DATA BLOCK -
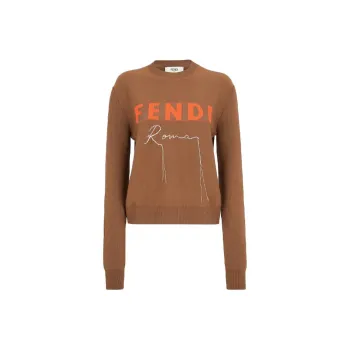 FENDI Logo Intarsia Knit Crewneck Jumper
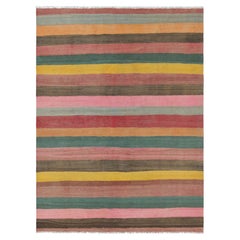 Vintage Shahsavan Kilim with Polychromatic Stripes - Rug & Kilim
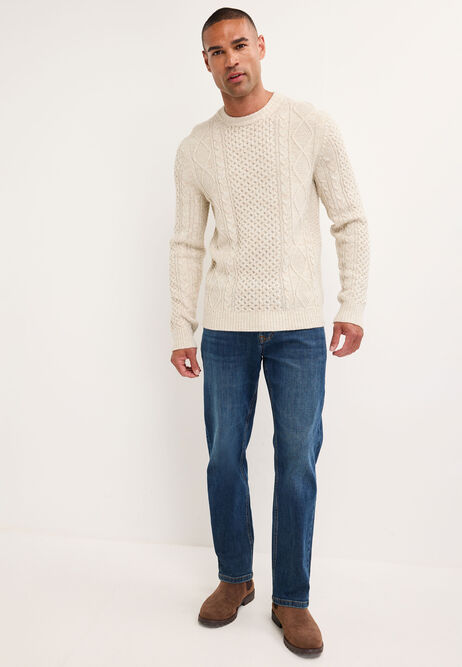 Mens Ecru Cable Knit Jumper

WORK ITEM - Reproduce the listing word for word and omit its pictures.

WRITTEN REPLY -
 FENDI Logo Intarsia Knit Crewneck Jumper
 Vintage Shahsavan Kilim with Polychromatic Stripes - Rug & Kilim
 Mens Ecru Cable Knit Jumper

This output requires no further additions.